• [About this exercise]: Give back the records below exactly, omitting the pictures.

• [Source records]:
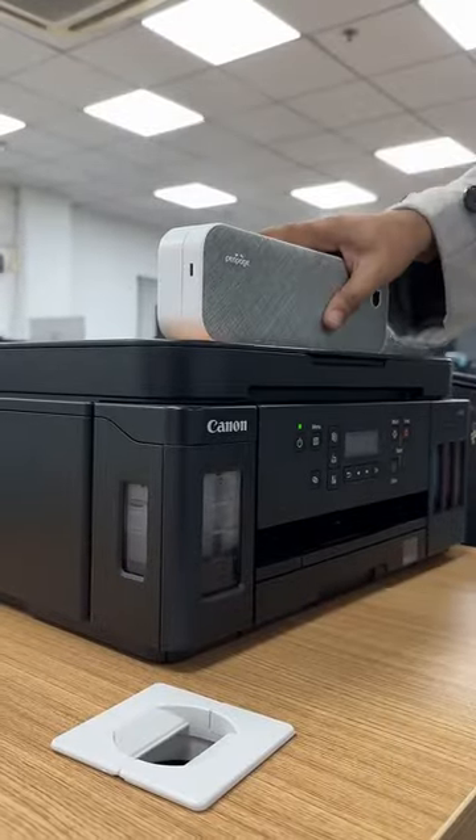It's also super portable so I can carry it around easily, and the size difference versus a usual printer is pretty obvious. Yeah, super useful stuff.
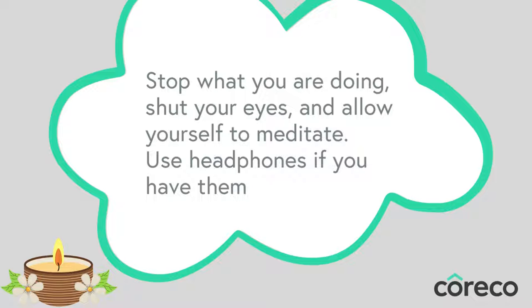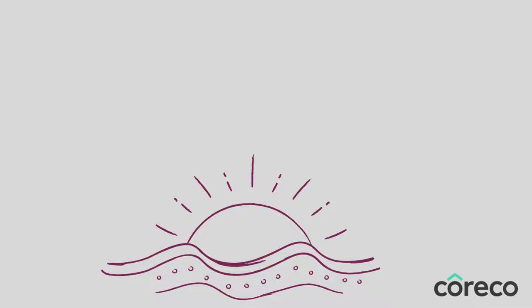Bring yourself into a comfortable seated position. When you feel settled, gently close your eyes and take a moment to tune inwards. There may be sounds around you — let them be and gently focus your attention to your breath.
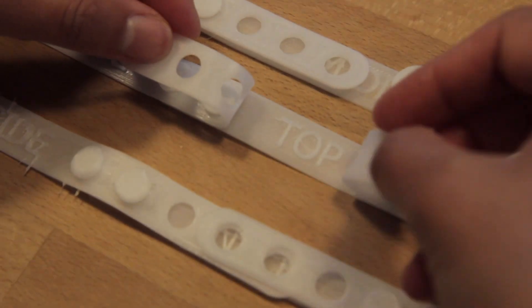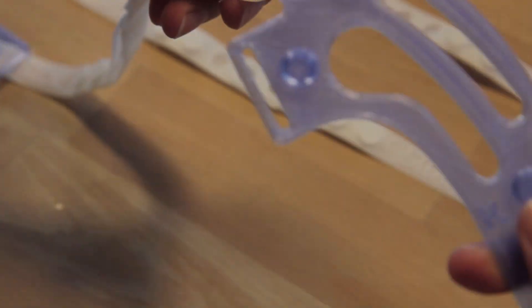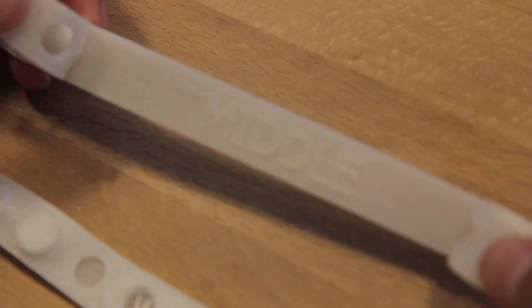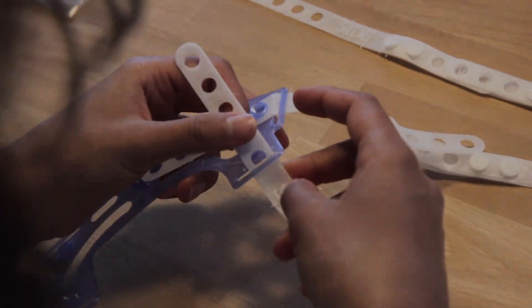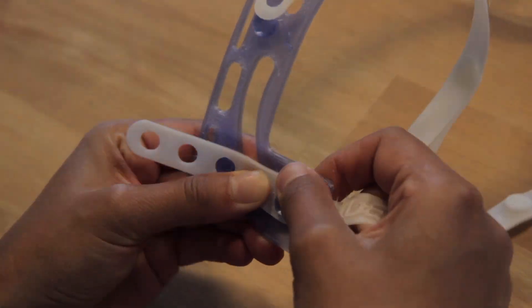Connect the top strap to the upper part of the head mount and do the same on the other head mount as well. Repeat this procedure with the middle strap on both sides and also with the neck straps at the bottom of the head mount.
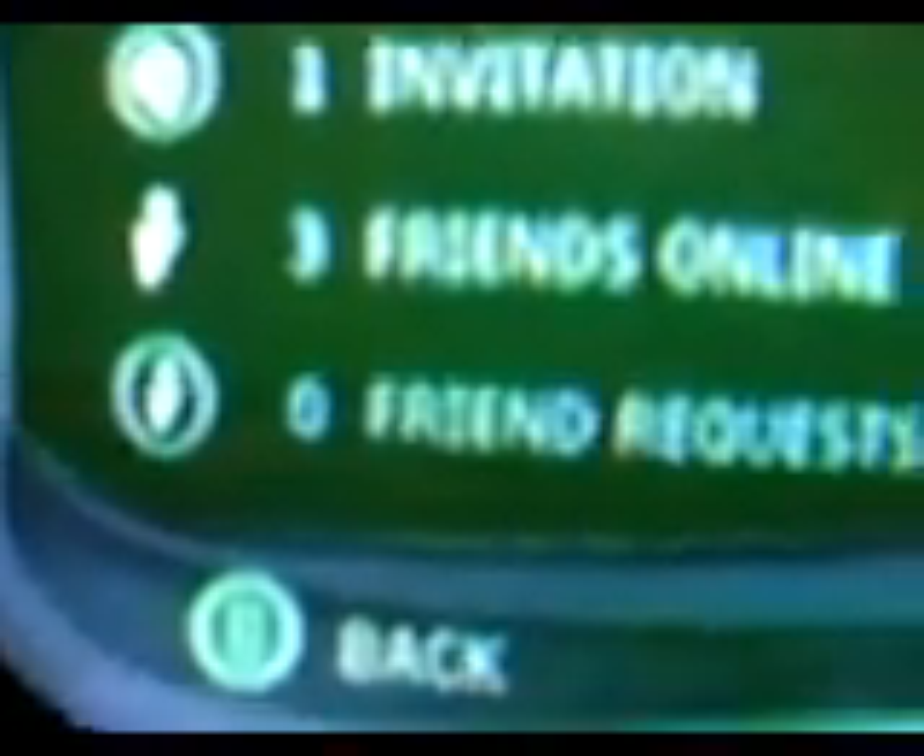Here's what your dashboard looks like. You want to go to Xbox Live, and as you can see it says select account — A Mutant Hotdog. Loading — it takes a bit longer to load than the 360. So: friends, voice chat, account management, main menu. I have one invitation, three friends online, zero friend requests.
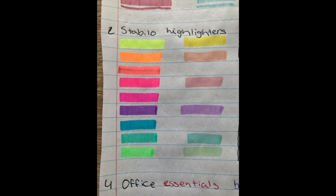As you can see with the Stabilo highlighters, the neon colors have more pigment than the pastel colors.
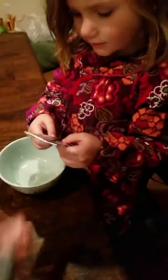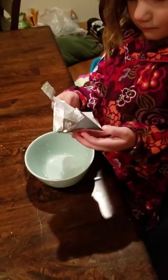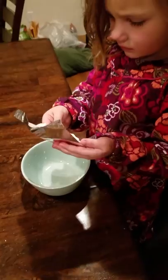No, no. Jane, I need to do it now. Jane, why are you doing that, Jane? She thought it was a candy bar. So it's not a candy bar.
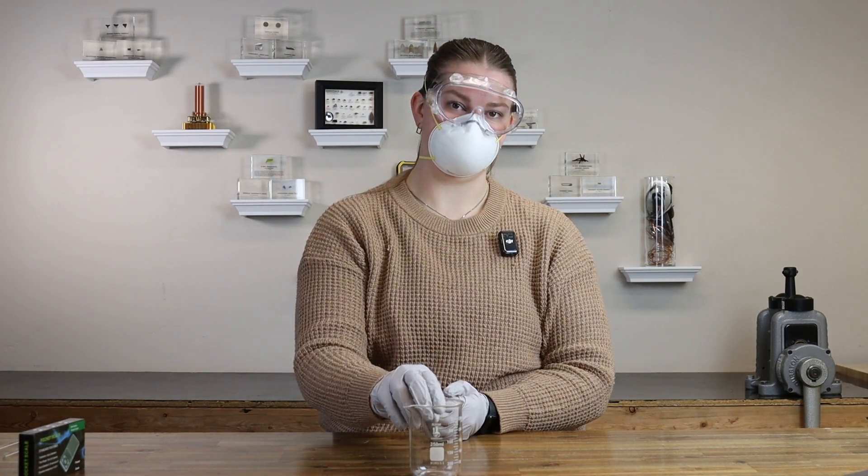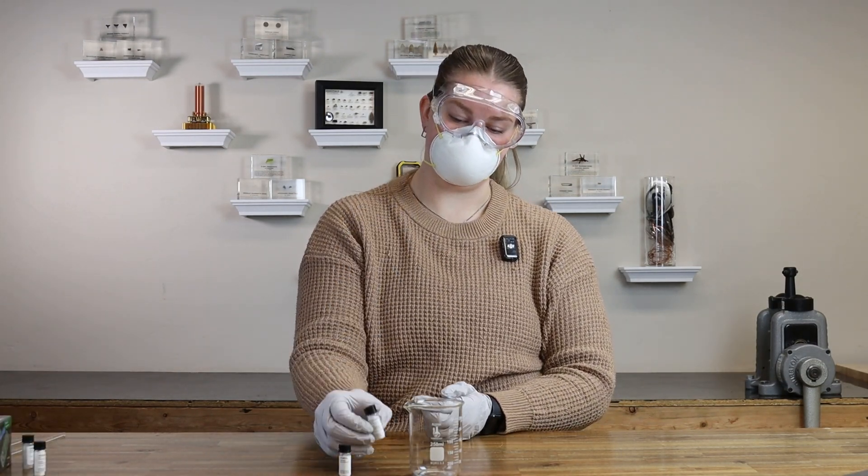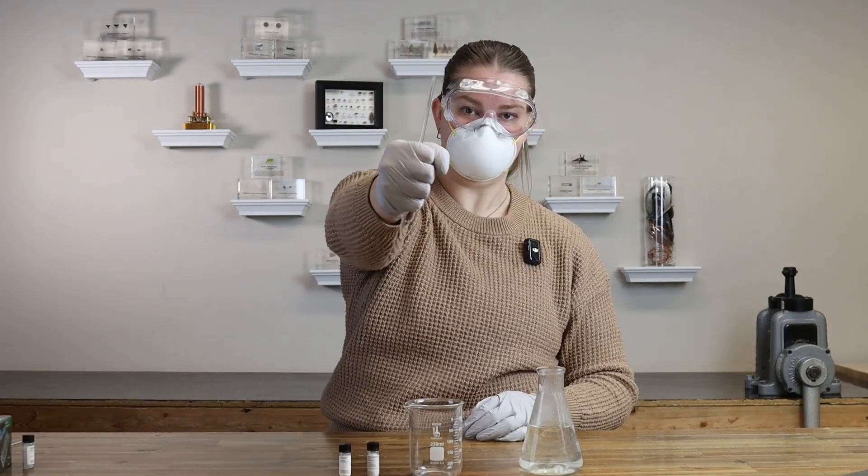Solution A: beaker, starch, sodium metabisulfite, water, stirring rods.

• [Output for this task]:
It's also super portable so I can carry it around easily, and the size difference versus a usual printer is pretty obvious. Yeah, super useful stuff.
Bring yourself into a comfortable seated position. When you feel settled, gently close your eyes and take a moment to tune inwards. There may be sounds around you — let them be and gently focus your attention to your breath.
Connect the top strap to the upper part of the head mount and do the same on the other head mount as well. Repeat this procedure with the middle strap on both sides and also with the neck straps at the bottom of the head mount.
Here's what your dashboard looks like. You want to go to Xbox Live, and as you can see it says select account — A Mutant Hotdog. Loading — it takes a bit longer to load than the 360. So: friends, voice chat, account management, main menu. I have one invitation, three friends online, zero friend requests.
As you can see with the Stabilo highlighters, the neon colors have more pigment than the pastel colors.
No, no. Jane, I need to do it now. Jane, why are you doing that, Jane? She thought it was a candy bar. So it's not a candy bar.
Solution A: beaker, starch, sodium metabisulfite, water, stirring rods.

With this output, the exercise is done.